Tena Prelec / 26 Jan, 2021
In the past couple of years, China has become one of the key investors in heavy industry in Serbia. Chinese increased presence in the country has brought about a great deal of controversy and its largest investments have been accompanied by an increase in pollution levels, sparking great concerns among the local populations. Is the health hazard real or perceived, and who is to blame? The paper seeks answers to this question and analyses the ways by which environmental concerns, governance issues, and a ‘closed’ government are interlinked.
In the second half of the 2010s, China has become one of the foremost investors in Serbia. Some of its largest investments, linked to heavy industry, have been accompanied by a manifest increase in pollution levels, sparking great concerns among the local populations and turning many citizens into environmental activists. Is the health hazard real or perceived, and who is to blame? Making use of interviews with activists and experts, as well as of official documents and government responses, the paper analyses the ways in which environmental concerns, governance issues, and a ‘closed’ government are interlinked. In contrast to the myth of China as a ‘bad investor’, it is argued that the foremost responsibility lies with the institutions of the recipient country, allowing for such environmental abuses to occur.
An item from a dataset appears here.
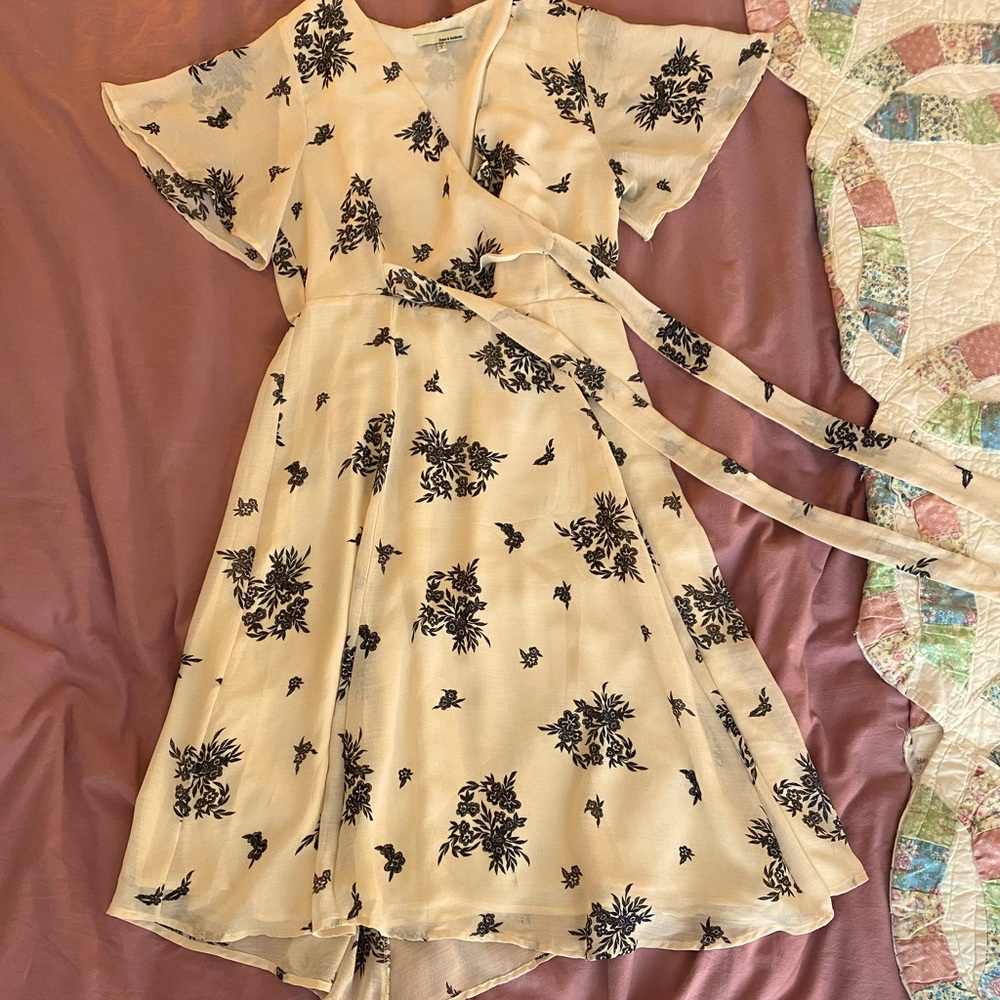 Floral wrap dress w/ float skirt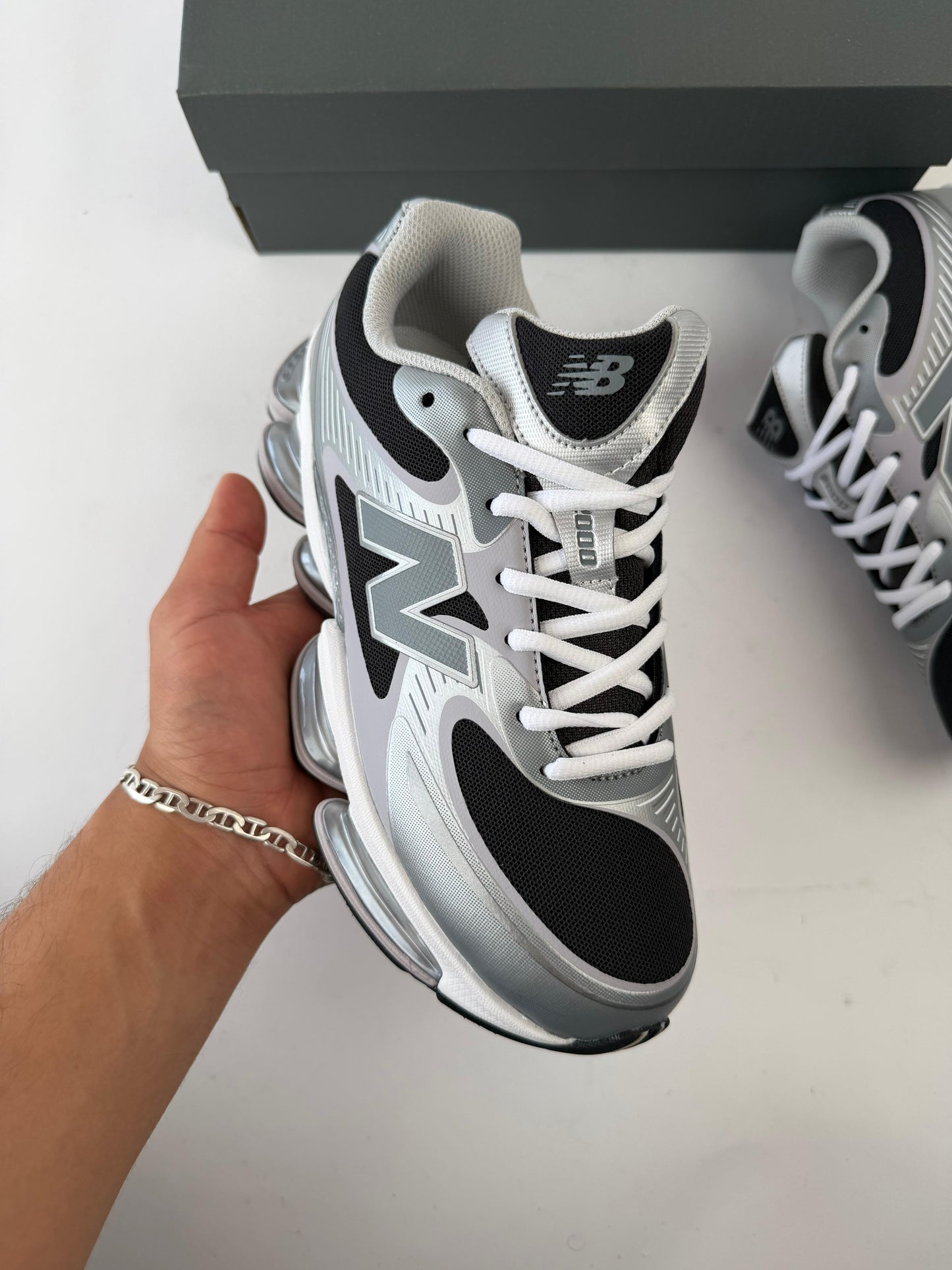Zapatilla New Balance 2000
The paper analyses two main case studies: the copper smeltery located in Bor (taken over by China’s Zijin Mining in 2018) and the steel mill in Smederevo (acquired by the Hesteel Group in 2016). Spontaneous civic activism has arisen in response to the environmental and health hazards in both cases. The perception of finding themselves caught between two fires – an investor looking to maximise its interests, and a government allowing citizens’ health to suffer in return for economic gain – has sparked widespread anger among the population. This helps explain why environmental activism is joined with anti-government sentiment: the voices of the activists are not neutral, nor they could be, as the two are interlinked. The cases examined thus illustrate the issues connected with the Chinese investments, but also specific modes of resistance to the dominant conception of power in Serbia.
The problems characterising the case studies presented in this paper are reflected in several other Chinese investments in Serbia (such as the coal-fired plant in Kostolac and a tire factory in Zrenjanin), and beyond Serbia, too (e.g. the Chinese-funded expansion of a heavily polluting coal-fired powerplant Tuzla, in neighbouring Bosnia and Herzegovina). They are not, therefore, isolated cases. The designation of most of these deals as ‘Projects of National Interest’ situates investors above the laws others have to abide by, and allows authorities to decline most Freedom of Information requests. It is argued that the specific mix of environmental and governance concerns unpacked in this study should be much more front and centre in the policy of EU conditionality and value-based democratic assistance than it is at the moment. These issues should, furthermore, be viewed within the host of clientelistic and kleptocratic practices that both the EU and the new Biden administration in the US have vowed to fight against.